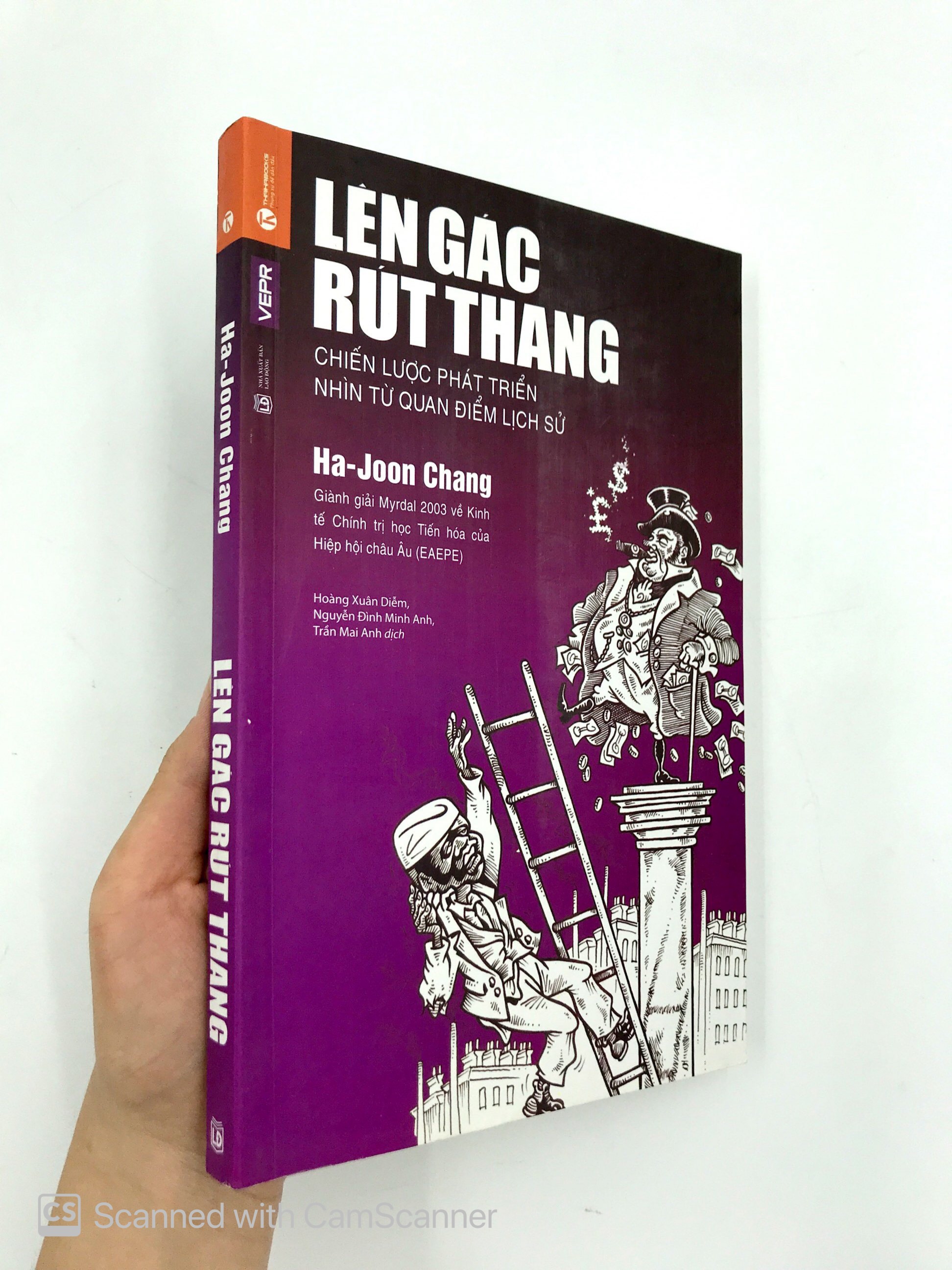lên gác rút thang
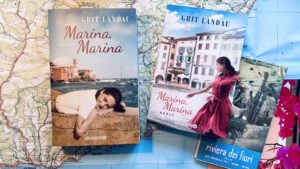 Riviera-Roman "Marina, Marina" von Grit Landau (Droemer 2019)
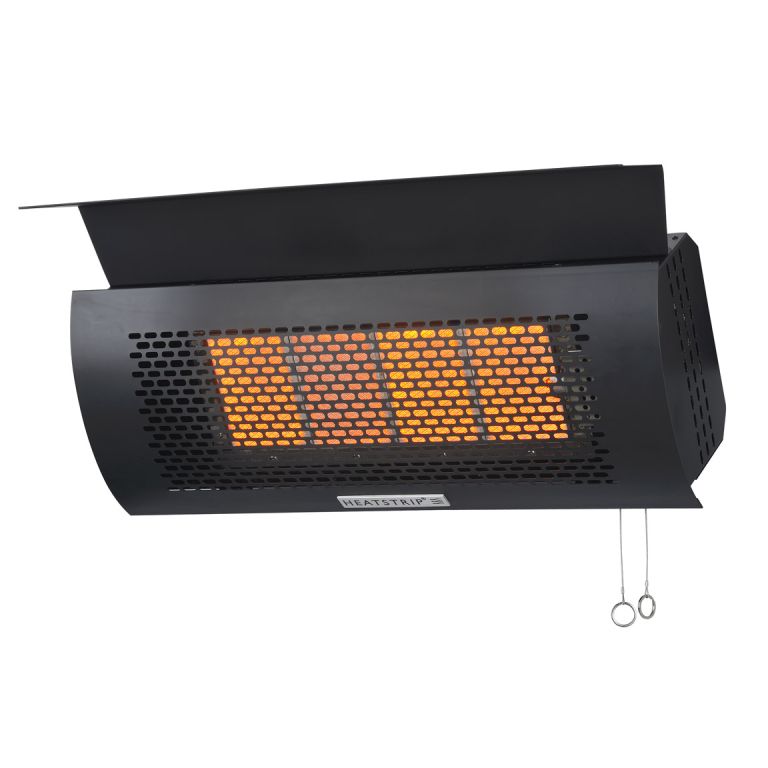 Heatstrip Gas aardgas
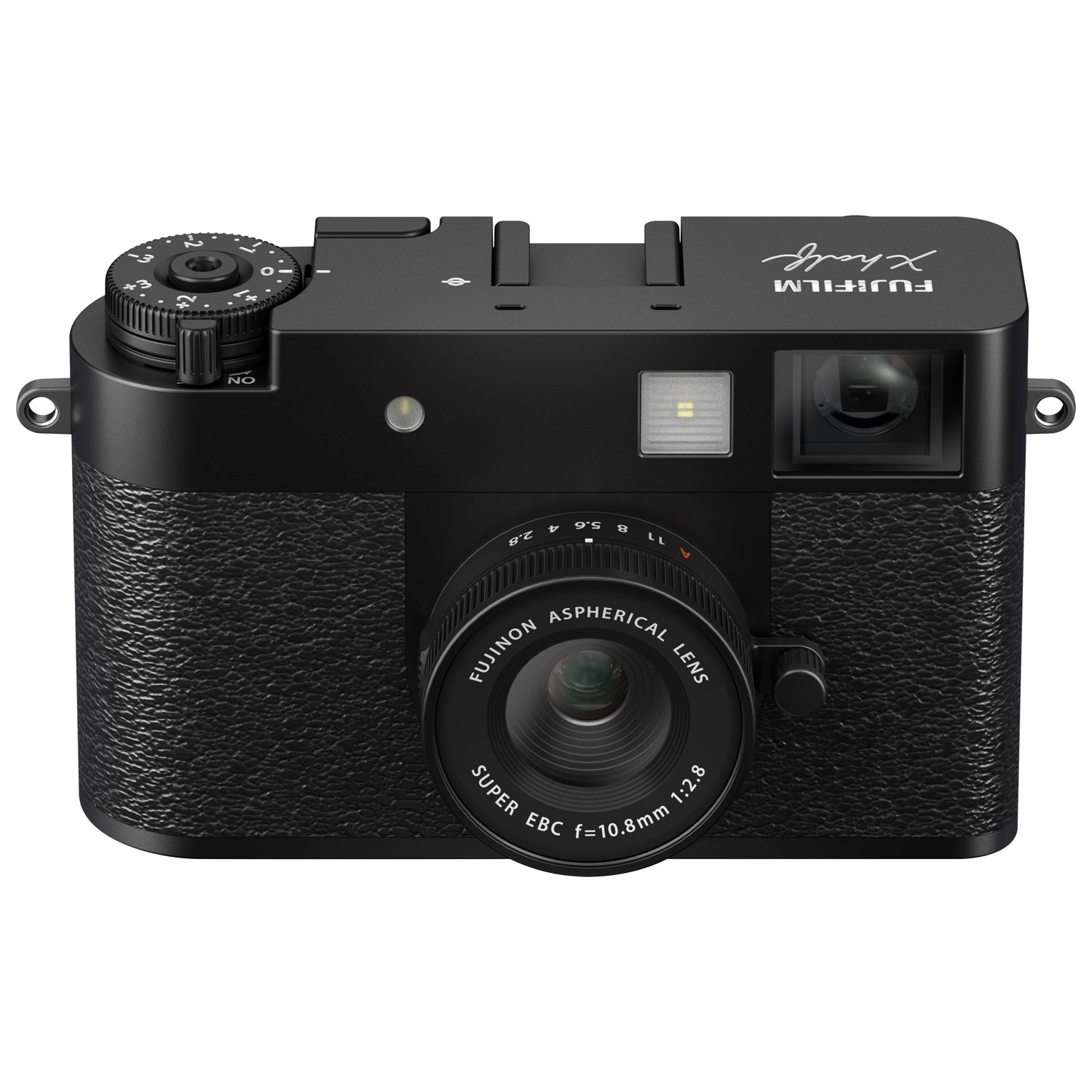 Fujifilm X Half Optical Zoom Digital Camera - Black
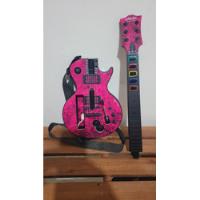 Guitarra Guitar Hero Para Wii - Restaurada Y Personalizada segunda mano   México 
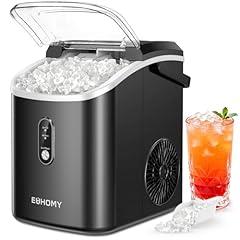 Euhomy Nugget Ice Maker Countertop, Black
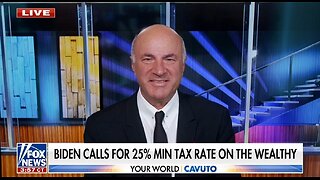 Mr Wonderful Slams Biden's Taxes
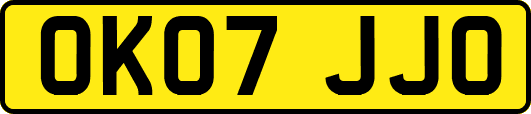 OK07JJO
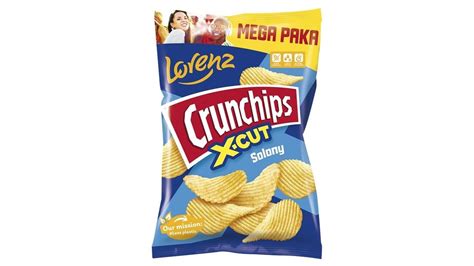 Crunchips X-Cut Chipsy ziemniaczane solony 200 g | Carrefour Pleszewska ...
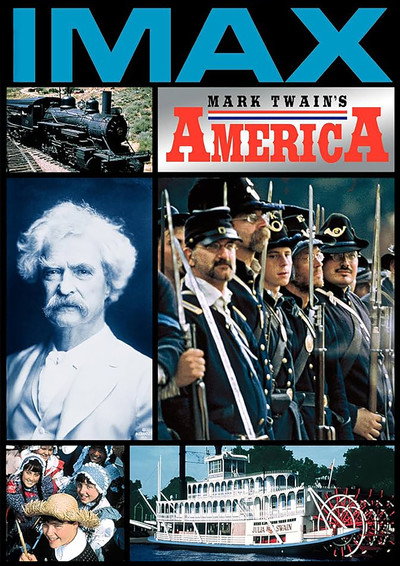 Póster de Mark Twain's America in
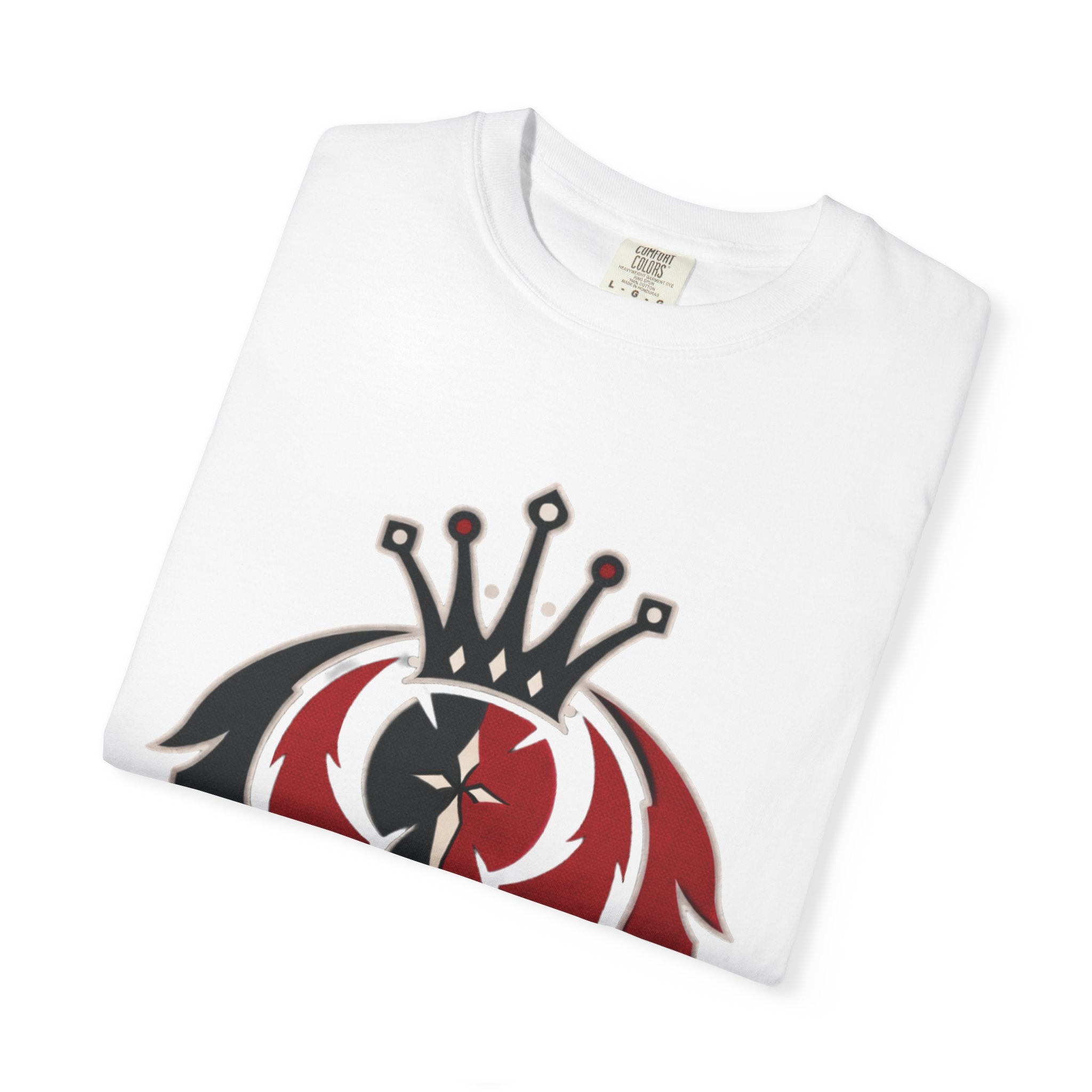 An Eternal Flame – Comfort Colors 1717 Embroidered Tee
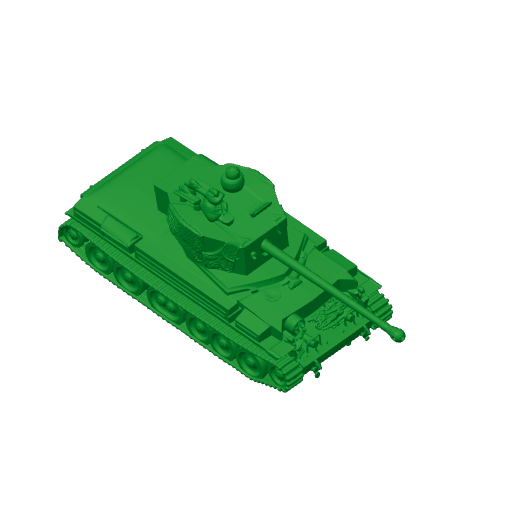 Cruiser Mk VIII Challenger.3mf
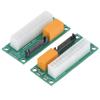 Dual Power Supply Sync Starter SATA Interface Dual PSU Adapter 24 Pin Dual Power Connector for BTC Miner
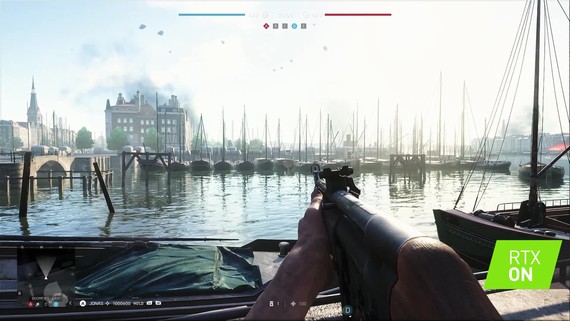 Battlefield V RTX prezentácia na CES 2019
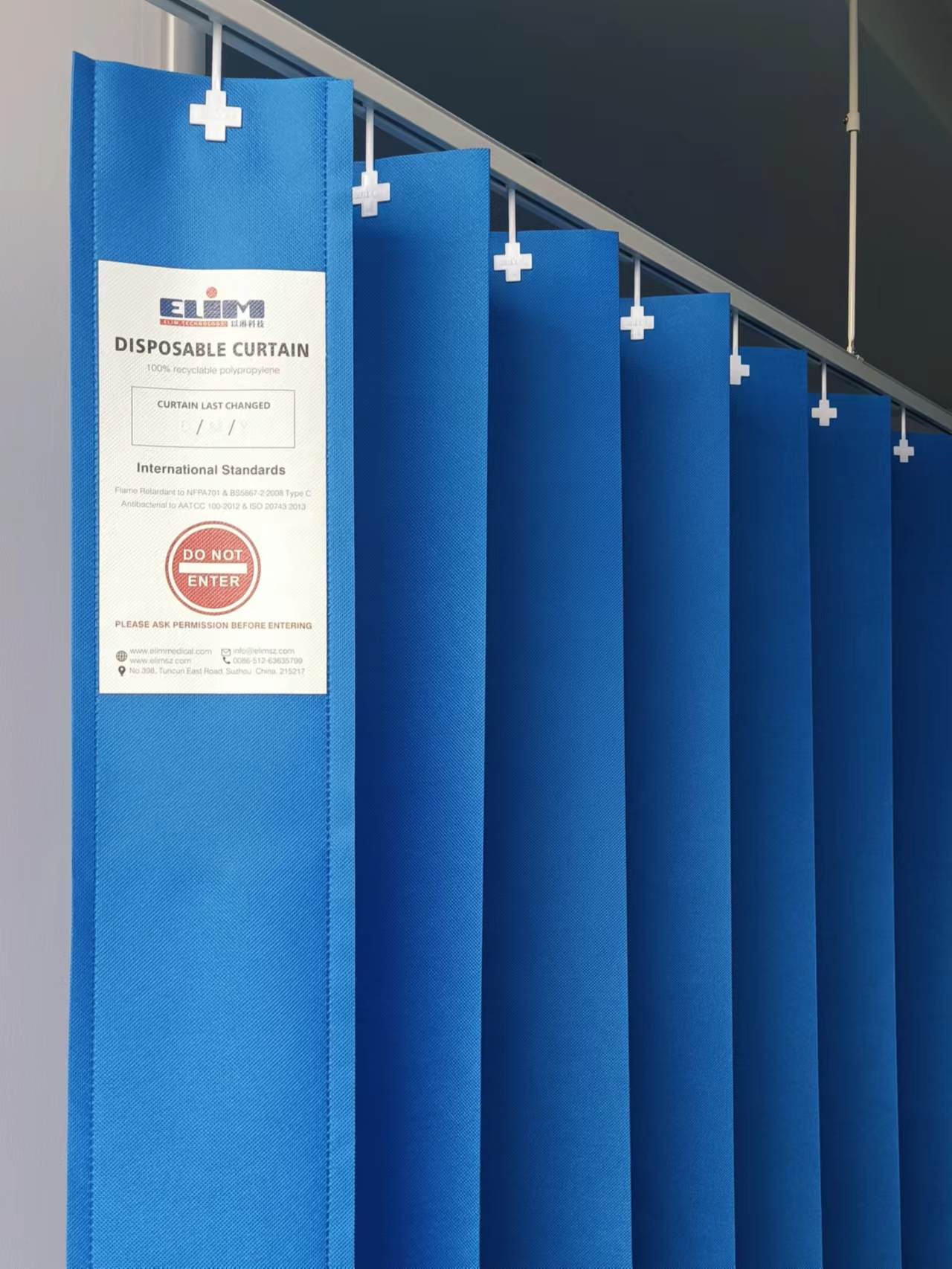 Function of Standard Disposable Curtain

**Task requirements**
Every line from the one that contains "Mr Wonderful Slams Biden's Taxes" through the end of the records above is to be reproduced exactly; no picture goes in the copy.

**Reply**
 Mr Wonderful Slams Biden's Taxes
 OK07JJO
 Crunchips X-Cut Chipsy ziemniaczane solony 200 g | Carrefour Pleszewska ...
 Póster de Mark Twain's America in
 An Eternal Flame – Comfort Colors 1717 Embroidered Tee
 Cruiser Mk VIII Challenger.3mf
 Dual Power Supply Sync Starter SATA Interface Dual PSU Adapter 24 Pin Dual Power Connector for BTC Miner
 Battlefield V RTX prezentácia na CES 2019
 Function of Standard Disposable Curtain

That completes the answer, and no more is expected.